An electric lamp, whose resistance is 20 Ω, and a conductor of 4 Ω resistance are connected to a 6 V battery. Calculate (a) the total resistance of the circuit, (b) the current through the circuit, and (c) the potential difference across the electric lamp and conductor.

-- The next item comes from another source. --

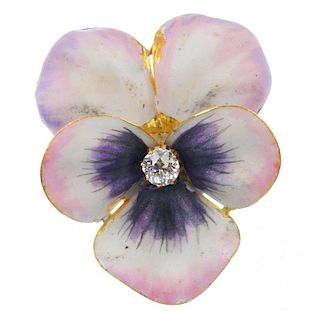 An early 20th century 18ct gold diamond and enamel viola brooch. The old-cut diamond, within a white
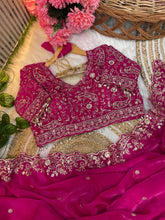 Load image into Gallery viewer, Outstanding Festival Wear Fendy Satin Silk Heavy Embroidery n Aarco Work Fancy Designer Saree With Stitched Blouse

Fig. An electric lamp connected in series with a resistor of 4 Ω to a 6 V battery

Given,
Voltage of the battery, V =6V

Resistance of electric lamp, R₁ = 20 Ω 

Resistance of series conductor, R₂ = 4 Ω 

a) Total resistance in the circuit, R_s = R₁ + R₂ 
                                                     = 20 Ω + 4 Ω
                                                     = 24 Ω. 

(b) Using Ohm’s law, 

Current through the circuit is, $\mathrm{I} = \frac{\mathrm{V}}{{\mathrm{R}}_{\mathrm{s}}} = \frac{6 \mathrm{V}}{24 \mathrm{\Omega }} = 0.25 \mathrm{A}.$ 

(c) Potential difference across the electric lamp,
V₁ = IR₁ = 0.25 A x 20 Ω = 5 V.  

Potential difference across the conductor is,
V₂ = IR₂ = 0.25 A x 4 Ω = 1 V.